Bu garip bir durumdur, meselâ bundan 140 sene önce Bergama'daki Zeus Tapınağı'nı taş be taş sökerek Berlin'e taşıyan Almanlara karşı içimde bir minnet duygusunun belirmesi de öyledir; "Bizde kalsaydı şüphesiz Almanlar kadar iyi bakamazdık" diye düşünürüm. Mevzu tarih vesikaları olunca, bizde veya Bulgarlarda kalmış olmasına bu noktada pek aldırış edemiyorum; korunması ve bilim adamlarının hizmetine açık tutulması benim için yeterince saadettir.

"Madem öyleydi, lâfı niçin bu kadar uzattın?" diye kızmakta haklısınız efendim; sadece şu küçücük noktayı hatırlatmak içindir ki, kendi tarihinin düşmanı kifayetsiz bürokratlar tarafından kilo işi Bulgarlara satılan arşiv evrakının kısa hikâyesini naklettim...

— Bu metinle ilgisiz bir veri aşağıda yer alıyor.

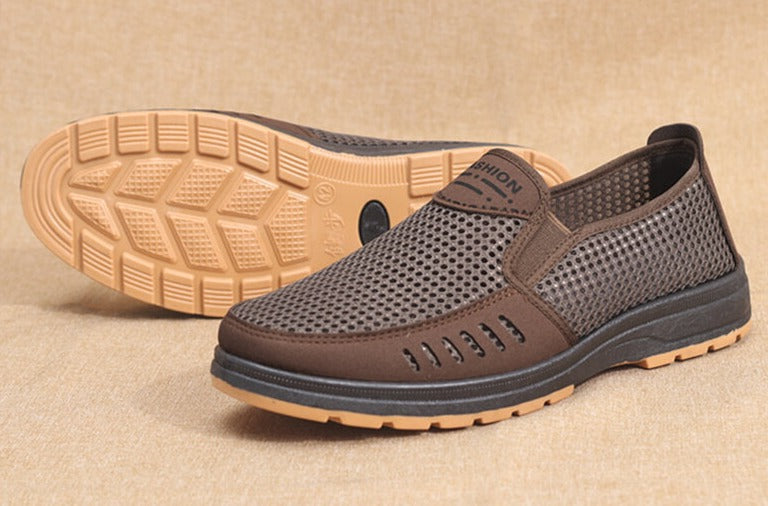 Active men's breathable mesh sneakers, designed for lightweight comfort and versatile everyday style.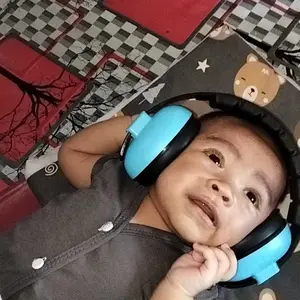 【in stock】0-3 Tahun Pengurangan Kebisingan Penutup Telinga anak-anak Yang Kedap Suara Hadiah untuk Bayi Baru Lahir Kuning/Hijau/Biru/Merah Muda Lindungi Pendengaran Anak Dengan Mudah Hadiah Lebaran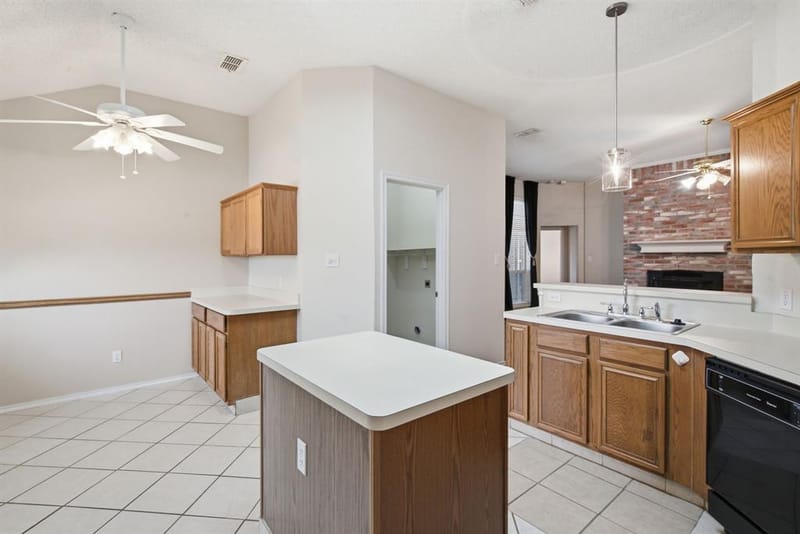10303 Little Valley Road, Fort Worth TX 76108 - Photo 14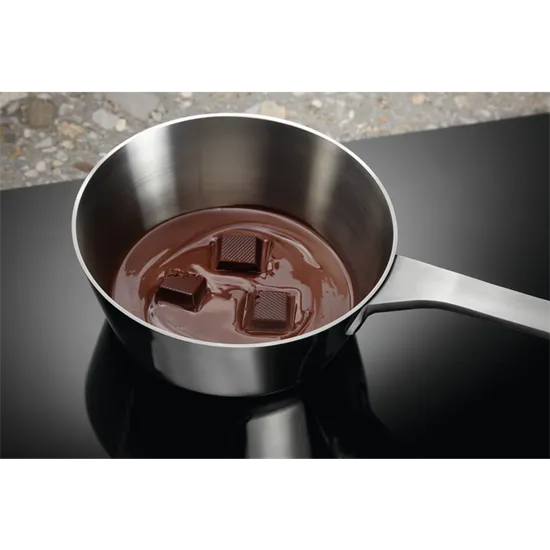 Electrolux LIR60433B beépíthető indukciós kerámia kerámialap. 59x52x4.4 cm 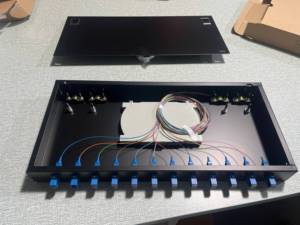 テレコム機器用のSC12ポート光ファイバー分配ODFフレームパッチパネル - Product Image 6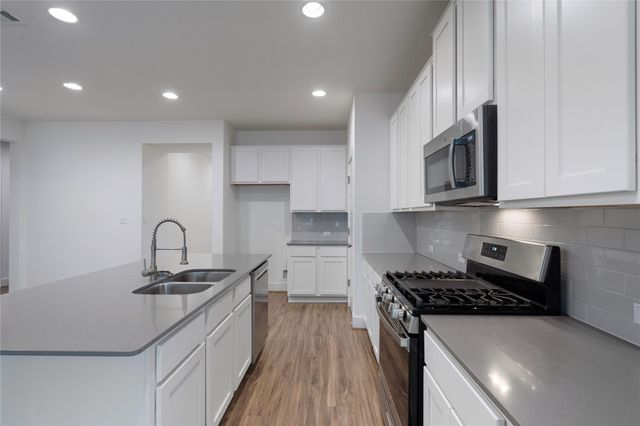 2304 Littleleaf LN, Leander, TX 78641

Şudur: O noktalardan bu noktalara, yani en kıymetli Osmanlı yadigârını çöp fiyatına elden çıkarma cürmüne göz yumar iken, Hürrem Sultan'a hürmetsizlik ediliyor diye topyekûn ayağa kalkacak derecede hassasiyet geliştirmiş olmamız az merhale değildir.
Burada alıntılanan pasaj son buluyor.